Colombia’s war crimes tribunal said it will sue the government if the transitional justice system doesn’t receive information about assets seized from the FARC within three days.
According to the Special Jurisdiction for Peace (JEP), the Prosecutor General’s Office, the Interior Ministry and the Superintendency for Notaries have failed to inform the court about the assets that are meant to be used for the reparation of war victims.
The court order appears to confirm claims made by the FARC that the Prosecutor General’s Office, led by the controversial chief prosecutor Nestor Humberto Martinez, had failed to seize the assets surrendered by the demobilized guerrillas.
According to the JEP, the authorities “must effectively and immediately provide the cooperation requested by this office” or “be subject to sanctions for contempt of court,” reported newspaper El Espectador.
According to newspaper El Tiempo, the Interior Ministry has not responded one letter from the court and the Superintendency has claimed not to know where the FARC assets are.

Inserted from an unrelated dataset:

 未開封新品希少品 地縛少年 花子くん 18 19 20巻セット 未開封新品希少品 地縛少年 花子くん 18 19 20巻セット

The Prosecutor General’s Office, which received the exact location and alleged value of the FARC’s surrendered assets last year, has blatantly refused to surrender this information to the JEP, the tribunal in charge of victim reparation.
Martinez, who has been implicated in some of the worst corruption scandals in modern history, has been on a collision course with the war crimes tribunal, which is supported by the United Nations that monitors the peace process.
The state, and in particular the political allies of President Ivan Duque and his political patron Alvaro Uribe, are suspected of having committed tens of thousands of crimes against humanity during the conflict.
Duque and Uribe have only acknowledged the existence of FARC victims. Their party, the hard-right Democratic Center party, are trying to suspend investigations into war crimes committed by the military and other state officials.
But according to the National Center for Historical Memory, the FARC is responsible for no more than 17% of civilian deaths that occurred during the conflict. The vast majority of war crimes appear to have been committed by the state and far-right illegal armed groups that support the authorities.